Хотя под этой статьёю подписано имя одного только автора, но весьма очевидно, что она составлена несколькими. Это легко можно заключить по различному достоинству слога, который местами чист и правилен, а местами тяжел и напыщен до чрезвычайности, — и по многим противоречиям, по коим можно определить направление различных умов.[9][2]

  — «„Денница“, альманах на 1830 год, изданный М. Максимовичем»
  •  

Недавно один проказник, записной умник, вроде метафизика Хемницерова, увидев на ней русскую душегрейку, до такой степени влюбился в Аделаиду Антоновну, что пришёл в исступление и в метафизическом бесновании своём проговорил ей длинную кудряво-нескладно-похвальную речь (которой, разумеется, никто не понял и которая вскружила голову Аделаиде Антоновне, ибо она отвечала ему столь же огромною и столь же нескладною речью) и назвал эту душегрейку <…> душегрейкою новейшего уныния!

  Михаил Бестужев-Рюмин, «Сплетница», апрель
  •  

Кто таков Киреевский? <…> Высылайте его скорее в Европу: дайте ему дозреть! Я уже люблю его за Новикова <…>. Я всегда досадовал, что никто в истории нашего просвещения ни слова не сказал о Новикове, а он точно и просветитель, и мученик.[10][3]

  Александр Тургенев, письмо П. А. Вяземскому 2 июня
  •  

Молодой Киреевский <…> употребил сие изысканное выражение: «Древняя муза его покрывается иногда душегрейкою новейшего уныния». Выражение, конечно, смешное. <…> Журналисты наши, о которых г.

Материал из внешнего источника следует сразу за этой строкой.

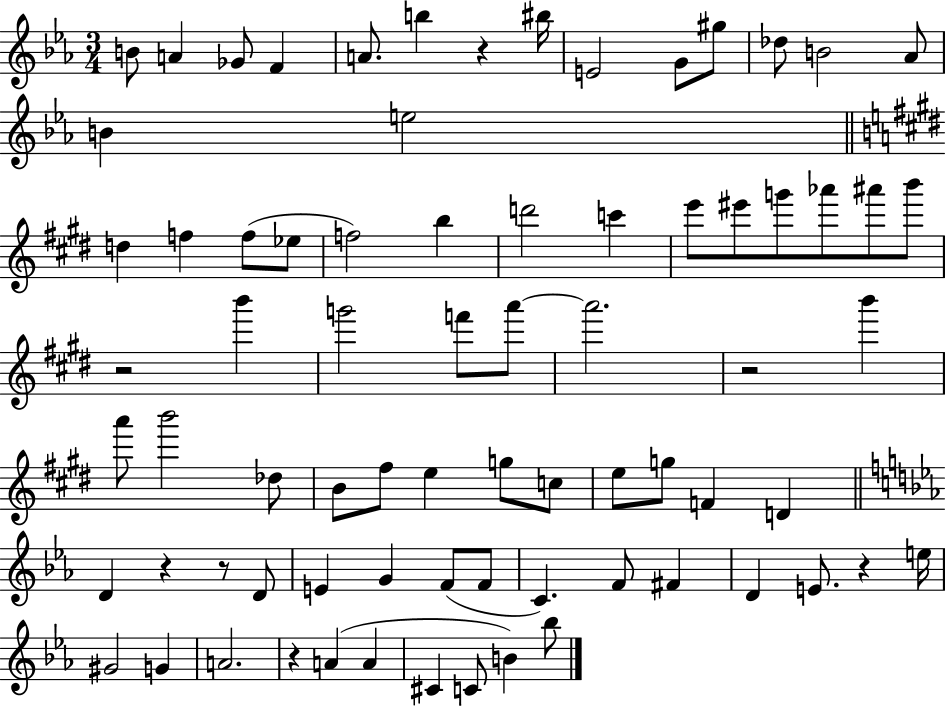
X:1
T:Untitled
M:3/4
L:1/4
K:Eb
B/2 A _G/2 F A/2 b z ^b/4 E2 G/2 ^g/2 _d/2 B2 _A/2 B e2 d f f/2 _e/2 f2 b d'2 c' e'/2 ^e'/2 g'/2 _a'/2 ^a'/2 b'/2 z2 b' g'2 f'/2 a'/2 a'2 z2 b' a'/2 b'2 _d/2 B/2 ^f/2 e g/2 c/2 e/2 g/2 F D D z z/2 D/2 E G F/2 F/2 C F/2 ^F D E/2 z e/4 ^G2 G A2 z A A ^C C/2 B _b/2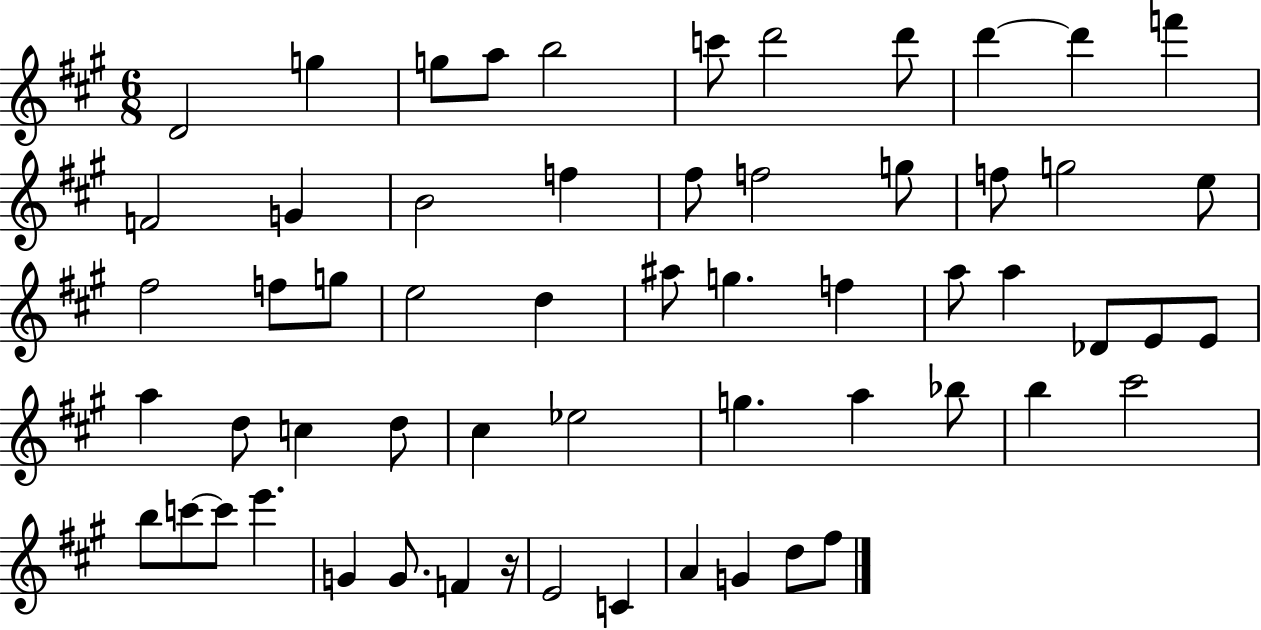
D4/h G5/q G5/e A5/e B5/h C6/e D6/h D6/e D6/q D6/q F6/q F4/h G4/q B4/h F5/q F#5/e F5/h G5/e F5/e G5/h E5/e F#5/h F5/e G5/e E5/h D5/q A#5/e G5/q. F5/q A5/e A5/q Db4/e E4/e E4/e A5/q D5/e C5/q D5/e C#5/q Eb5/h G5/q. A5/q Bb5/e B5/q C#6/h B5/e C6/e C6/e E6/q. G4/q G4/e. F4/q R/s E4/h C4/q A4/q G4/q D5/e F#5/e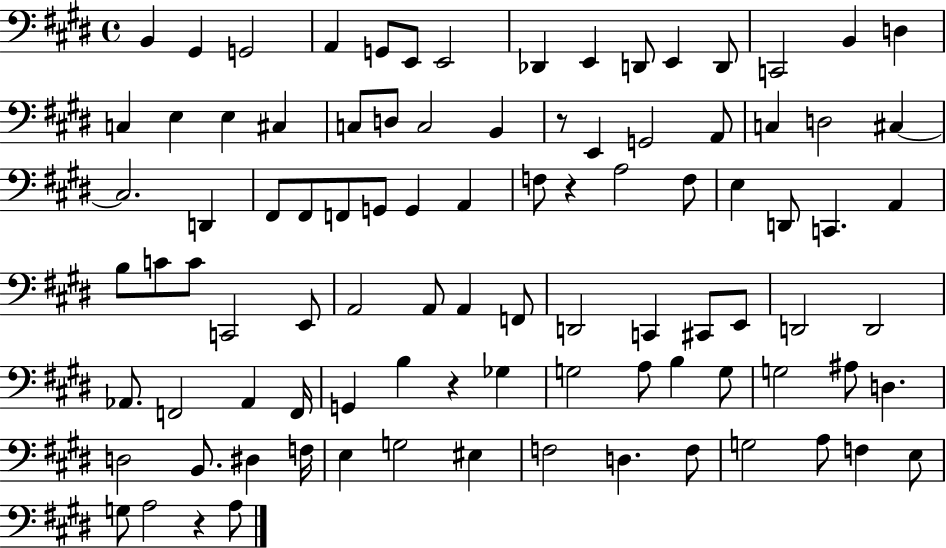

Киреевский отозвался довольно непочтительно, обрадовались, подхватили эту душегрейку, разорвали на мелкие лоскутки и вот уже год, как ими щеголяют, стараясь насмешить свою публику.

  — Александр Пушкин, <Опровержение на критики>, октябрь
  •  

Денница, <…> замечательная по статье Г. Киреевского <…>. Не смотря на некоторую странность выражения, статья сия наполнена мыслями зрелыми и суждениями справедливыми. Истины сей не хотели признать только те из литераторов, для которых словесность есть средство, а не цель.

  Орест Сомов, «Обозрение российской словесности за вторую половину 1829 и первую 1830 года», декабрь

Примечания[править]

  1. Денница. Альманах на 1830 год. — М.: Университетская типография (вышла 9 января). — C. IX—LXXXIV.
  2. 1 2 Пушкин в прижизненной критике, 1828—1830 / Под общей ред. Е. О. Ларионовой. — СПб.: Государственный Пушкинский театральный центр, 2001. — С. 211-227. — 2000 экз.
  3. 1 2 3 4 5 6 7 8 9 10 11 12 13 14 Т. А. Китанина, Г. Е. Потапова. Примечания к статье // Пушкин в прижизненной критике, 1828—1830. — СПб.: Государственный Пушкинский театральный центр, 2001. — С. 435-8.
  4. Московский телеграф. — 1829. — Ч. 27, № 11.
  5. Киреевский И. В. Полное собрание сочинений. Т. 1. — М., 1861. — С. 23.
  6. Порфирий Душегрейкин // Северная пчела. — 1830. — №11 (25 января).
  7. Вестник Европы. — 1830. — № 2 (вышел 1 февраля). — С. 170.
  8. Литературная газета. — 1830. — Т. 1. — № 8 (5 февраля). — С. 66.
  9. Без подписи // Северный Меркурий. — 1830. — Т. 1. — № 23 (21 февраля). — С. 90.
  10. Остафьевский архив князей Вяземских. В 5 томах. Т. III. — СПб.: изд. гр. С. Д. Шереметева, 1899. — С. 202.